Process for applying adhesive to interior wall of a hole utilizing a nozzle

Abstract

A nozzle for applying a fluid material to an object includes a tubular wall with several circumferentially spaced ribs that extend outward from the tubular wall to engage an object to which the fluid material is to be applied. The ribs space the tubular wall from the inner wall to provide a gap for the fluid material and aligning the tubular wall with the hole in the object. The tubular wall provides at least one opening between adjacent pairs of ribs for the fluid material to flow into the gap. A sealing surface on the nozzle engages a portion of the object preventing escape of the fluid from the gap. In a process for using the nozzle, a user manually detects equilibrium between the pressure applied to the fluid in the nozzle and the pressure in the nozzle to determine when the gap has been filled.

Description

TECHNICAL FIELD

This invention relates to the application of coatings such as adhesives. In particular, the invention relates to a nozzle for applying a liquid adhesive to the interior of a hole for securing a plug in the hole.

BACKGROUND ART

It is known to attach one material to another with a fastener such that the head of the fastener lies just below the upper surface of the one material. For example, it is known to countersink the head of a screw fastener below the surface of a sheet of material being secured to another. It is also known to fill the space between the countersunk screw head and the surface of the material with a dowel having an upper surface flush with the upper surface of the material.

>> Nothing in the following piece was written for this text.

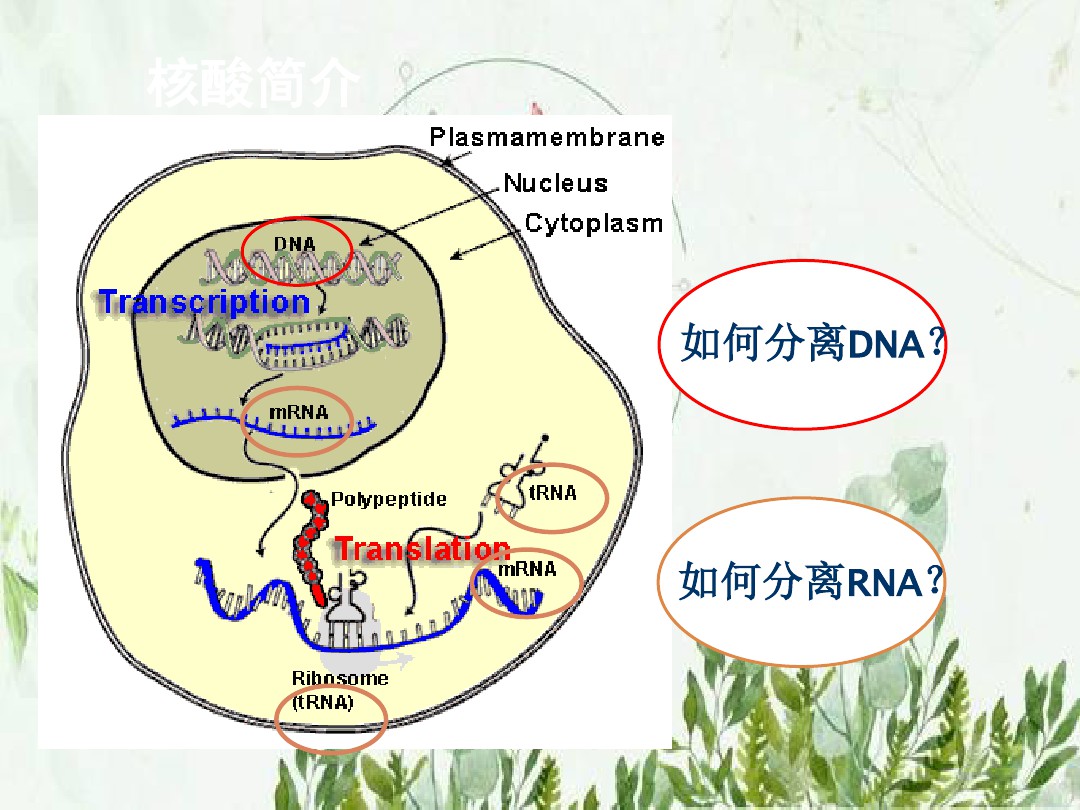 0c87e1c4b0717fd5360cdcda.jpg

It is also known to provide a drill bit capable of drilling both a hole for a screw and a countersink hole for recessing the head of the screw. United States Patent Application Publication 2008/0307627 (Gertner) describes a system utilizing such a drill and also using plugs for filling the countersink holes. The plug is typically of the same material as the material being secured and is preferably secured in the countersink hole by an adhesive.

To make a suitable bond between the plug and the hole, typically, the plug is rolled over a puddle of the glue or otherwise coated until the cylindrical surface is fully coated. Then, the plug is inserted into the hole and driven flush or near flush with a hammer. The types of glue used vary, but typically PVA glue, epoxy, urethanes and other types of “carpenter's glue” are used in this application. The most suitable glue for the application may be determined by repetitive testing involving ASTM as well as other customized methods including environmental exposure conditions.

In using the known methods, there is a considerable collection of extra glue as the glue-coated plug is driven into the hole, which can make a mess on the face of the hammer as well as stain the wood in the vicinity of the glue joint unnecessarily. Each joint on the surface of the wood needs to be cleaned thoroughly and, of course, the hammer cleaned as well. The process is inherently time consuming and cumbersome.

SUMMARY OF THE INVENTION

A nozzle has been developed that is capable of applying a light, uniform coating of adhesive, sealant or other material to the inside cylindrical surface of a drilled hole in wood or other material that is to be fastened, as by a screw, to a frame member and then plugged with a plug for aesthetic effect. Specifically, a screw hole in an outdoor decking wood, which is approximately 0.335″ diameter×0.300″ deep, is to be plugged with a wooden plug slightly tapered, slightly larger, and slightly shorter than the hole itself.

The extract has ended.